Online seit 11. Juni
IBRRS 2025, 1427
KG, Beschluss vom 19.02.2025 - 21 U 186/24
1. Der mit Erdarbeiten beauftragte Auftragnehmer ist verpflichtet, sich über die Tragfähigkeit eines Tiefgaragendachs zu informieren, bevor er auf diesem Hohlkörper einen Minibagger einsetzt und dort zusätzlich beträchtlichen Erdaushub aufschüttet.
2. Das Verkehrsschild "Feuerwehrzufahrt freihalten" trifft keine Aussage dazu, auf welche Belastung eine Zufahrt ausgelegt ist.

Online seit 10. Juni
IBRRS 2025, 1475
OLG Celle, Urteil vom 14.05.2025 - 14 U 238/24
1. § 650c Abs. 3 BGB ist - ebenso wie § 650d BGB - auf Bauverträge anwendbar, in die die VOB/B einbezogen ist. Will der Unternehmer nach § 650c Abs. 3 BGB vorgehen, müssen aber auch im VOB/B-Vertrag die Voraussetzungen des § 650b BGB gegeben sein (Anschluss an OLG München, IBR 2024, 223.*)

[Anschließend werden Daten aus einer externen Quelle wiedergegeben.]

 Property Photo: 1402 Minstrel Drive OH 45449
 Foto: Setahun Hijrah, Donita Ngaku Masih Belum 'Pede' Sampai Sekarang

2. Das Vorliegen eines Nachtragsangebotes nach § 650b Abs. 1 S. 2 BGB setzt - über die Voraussetzungen der §§ 145 ff. BGB hinaus - voraus, dass der Besteller durch dieses in die Lage versetzt wird, die auf ihn im Falle einer Beauftragung zukommenden Zusatzkosten wenigstens annähernd abzuschätzen. Das Angebot muss zeitlich vor der Anordnung nach § 650b Abs. 2 BGB in hinreichend bestimmter Form vorliegen, da es der Unternehmer andernfalls in der Hand hätte, durch ein nachträgliches Angebot die Höhe seiner Abschlagszahlungen nach § 650c Abs. 3 BGB selbst festzulegen.*)
3. Leistungsänderungen, die sich nicht auf die bautechnische Leistung (den sog. Bauinhalt), sondern lediglich auf die Bauumstände, insbesondere die Bauzeit, beziehen, werden von § 650b Abs. 1 S. 1 BGB nicht erfasst.*)

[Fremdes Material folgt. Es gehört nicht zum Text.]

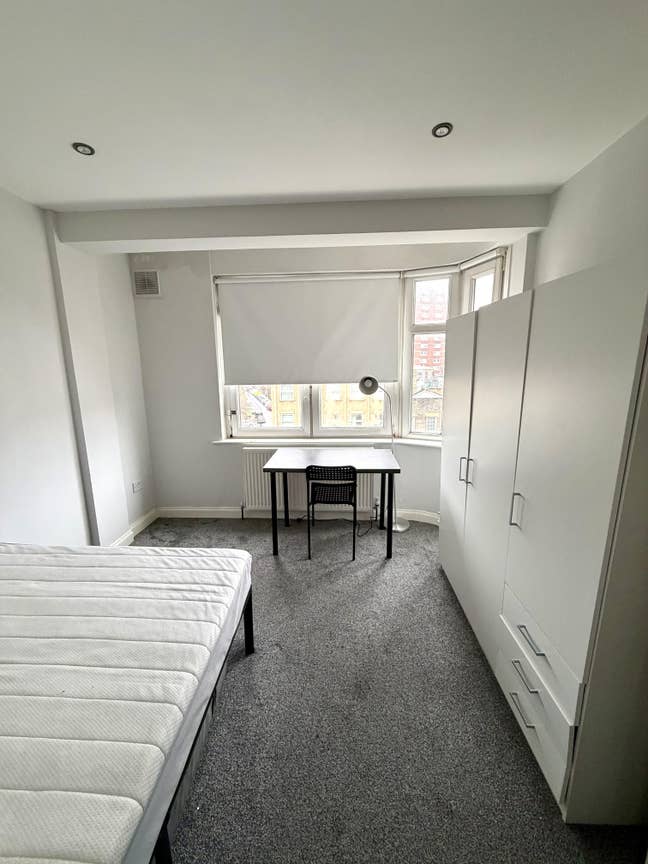  Room to Rent in E1 - 4-31 May Main Photo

4. Der gesetzlich vermutete Verfügungsgrund des § 650d BGB entfällt wegen Selbstwiderlegung, wenn der Antragssteller von der Möglichkeit der Inanspruchnahme einstweiligen Rechtsschutzes unangemessen lange keinen Gebrauch macht. Wie lange ein Antragssteller mit dem Verfügungsantrag zuwarten darf, hängt von den Umständen des jeweiligen Einzelfalls ab.*)
5. Die Dringlichkeitsvermutung des § 650d BGB ist auf Streitigkeiten über Anordnungen nach § 1 Abs. 3 und 4 VOB/B und die Berechnung von Nachtragsvergütungen nach § 2 Abs. 5 und 6 VOB/B sowie über auf andere Anspruchsgrundlagen als § 650c BGB gestützte Vergütungsansprüche nicht anwendbar.*)
Online seit 6. Juni
IBRRS 2025, 1399
OLG Frankfurt, Urteil vom 23.05.2025 - 29 U 38/24
1. Ein für den Verbraucher widerruflicher Außer-Geschäftsraum-Vertrag liegt auch dann vor, wenn der Vertrag zwischen dem Verbraucher-Auftraggeber und dem bauausführenden Unternehmer unter Einschaltung eines Architekten als Verhandungsgehilfen geschlossen wurde.
2. Ein Vertrag zwischen einem Verbraucher und einem bauausführenden Unternehmer (nur) über Innenputz-, Maler- und Trockenbauarbeiten stellt keinen Verbraucherbauvertrag dar.

Online seit 4. Juni
IBRRS 2025, 1433
KG, Urteil vom 27.05.2025 - 21 U 193/24
1. Ein nachbarrechtlicher Ausgleichsanspruch ist gegeben, wenn von einem Grundstück rechtswidrige Einwirkungen auf ein anderes Grundstück ausgehen, die der Nachbar nicht dulden muss und aus besonderen Gründen auch nicht unterbinden kann, sofern er hierdurch Nachteile erleidet, die das zumutbare Maß einer entschädigungslos hinzunehmenden Beeinträchtigung übersteigen.
2. Hiervon ist auszugehen, wenn flüssiger Beton während des Transports auf ein fremdes Grundstück fällt, da der Nachbar eine solche Gefahr in aller Regel nicht erkennen und die Einwirkungen auf sein Grundstück daher nicht rechtzeitig abwehren kann.
3. Die Störereigenschaft folgt nicht allein aus dem Eigentum oder Besitz an dem Grundstück, von dem die Einwirkung ausgeht. Erforderlich ist vielmehr, dass die Beeinträchtigung des Nachbargrundstücks wenigstens mittelbar auf den Willen des Eigentümers oder Besitzers zurückgeht. Dies ist bei einem der Bebauung des Grundstücks des Störers dienenden Betontransports über das beeinträchtigte Grundstück hinweg zu bejahen.

Online seit 2. Juni
IBRRS 2025, 0996
OLG Köln, Beschluss vom 15.03.2023 - 19 U 75/22
1. Die Fälligkeit des Vergütungsanspruchs setzt eine vorherige Abnahme des Werks voraus.
2. Einer konkludenten Abnahme steht entgegen, wenn der Auftragnehmer auf einen Rapportvordruck Bezug nimmt, der eine ausdrückliche und vom Auftraggeber zu unterzeichnende Abnahmeerklärung vorsieht, und eine dementsprechende Erklärung des Auftraggebers unterbleibt.